[Problem details] Return the lines of the data below starting at the one holding "Detailed macro view" and ending at the one holding "1605 Big Springs", word for word, leaving every picture out.

[Supplied material]
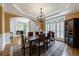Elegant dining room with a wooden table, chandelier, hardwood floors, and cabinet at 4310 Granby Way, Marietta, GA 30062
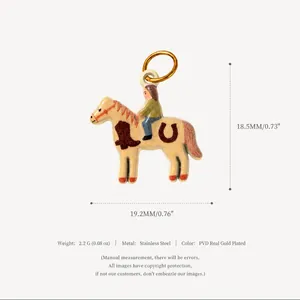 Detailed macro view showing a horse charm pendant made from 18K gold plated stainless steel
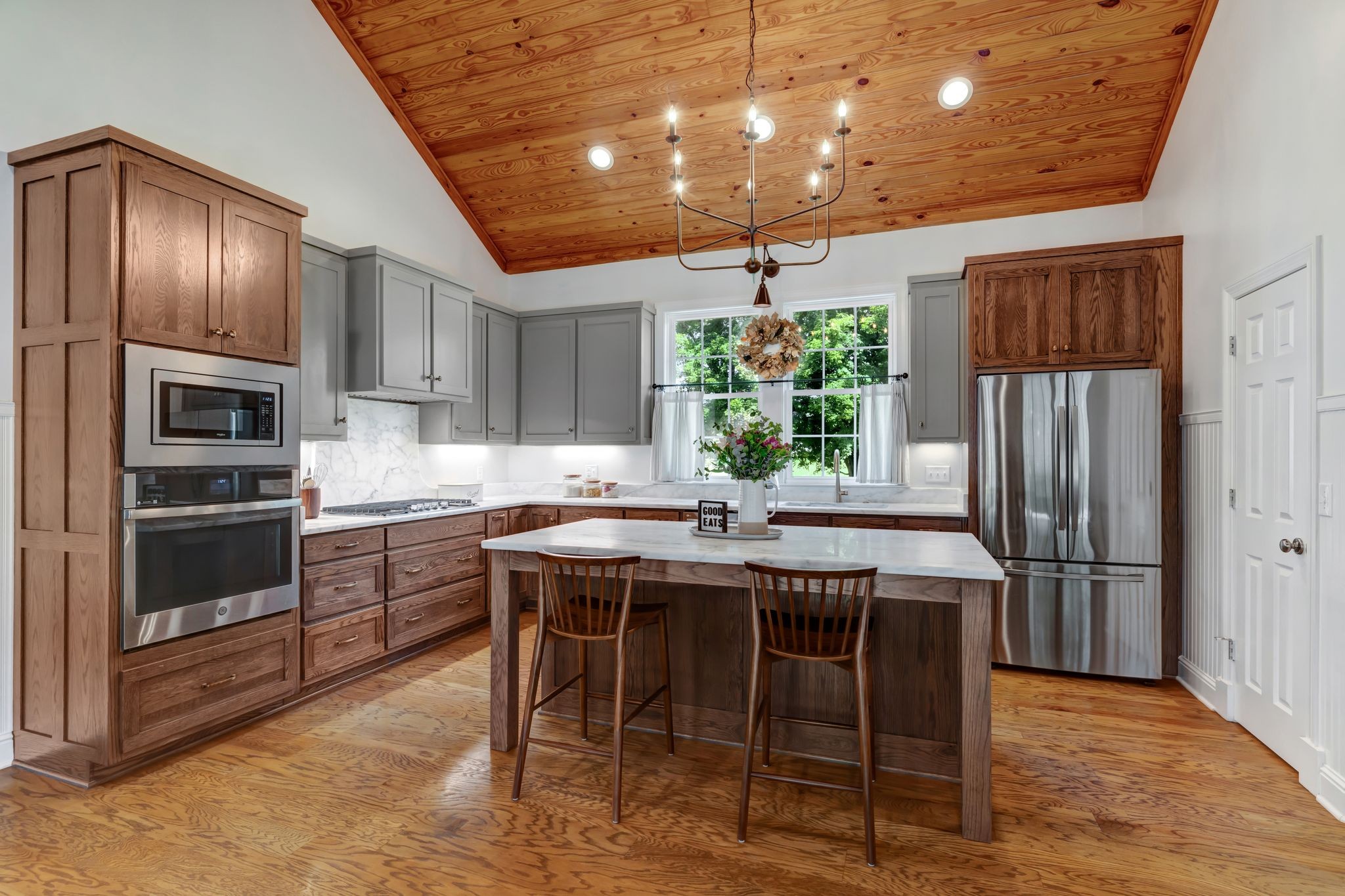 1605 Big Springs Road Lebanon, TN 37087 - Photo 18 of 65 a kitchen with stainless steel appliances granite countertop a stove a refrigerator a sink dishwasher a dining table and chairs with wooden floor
* * *
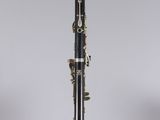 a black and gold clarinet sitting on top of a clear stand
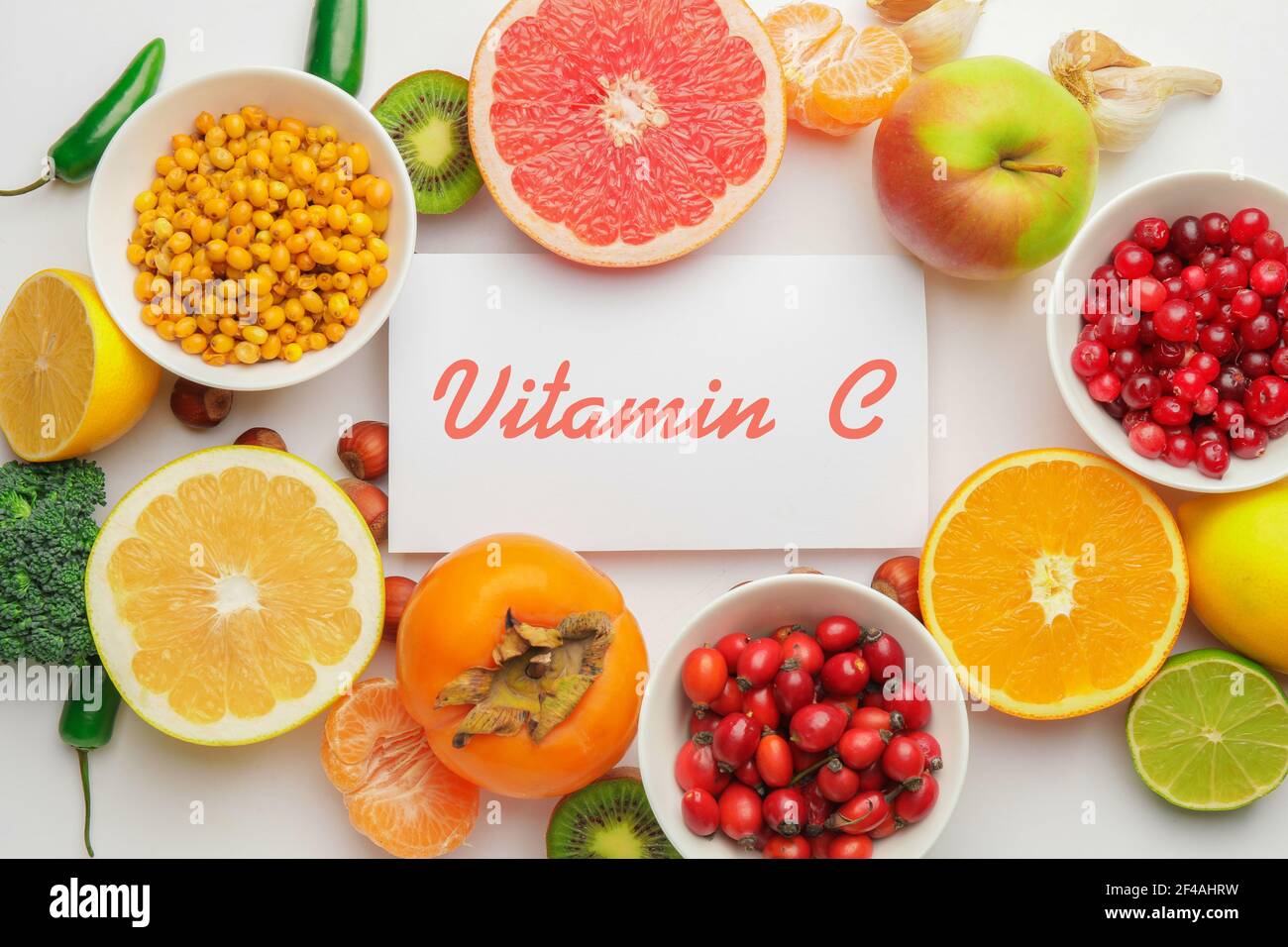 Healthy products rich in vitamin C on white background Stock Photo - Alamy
---
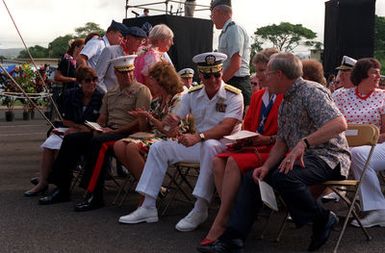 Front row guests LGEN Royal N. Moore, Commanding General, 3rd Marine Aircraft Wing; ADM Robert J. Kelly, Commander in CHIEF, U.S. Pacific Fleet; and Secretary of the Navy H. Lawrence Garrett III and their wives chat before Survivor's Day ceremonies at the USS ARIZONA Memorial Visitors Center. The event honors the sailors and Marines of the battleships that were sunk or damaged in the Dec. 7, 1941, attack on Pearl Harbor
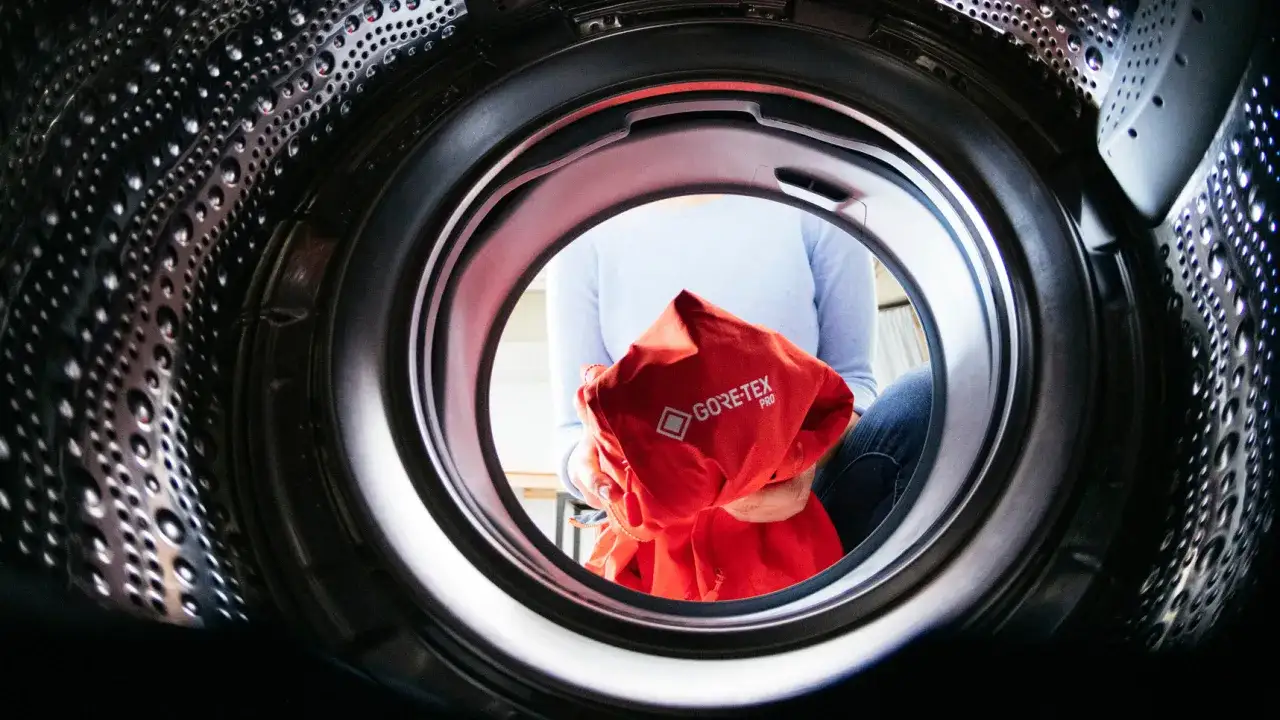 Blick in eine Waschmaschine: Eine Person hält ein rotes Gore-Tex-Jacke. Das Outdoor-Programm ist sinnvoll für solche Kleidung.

[Answer to this problem]
 Detailed macro view showing a horse charm pendant made from 18K gold plated stainless steel
 1605 Big Springs Road Lebanon, TN 37087 - Photo 18 of 65 a kitchen with stainless steel appliances granite countertop a stove a refrigerator a sink dishwasher a dining table and chairs with wooden floor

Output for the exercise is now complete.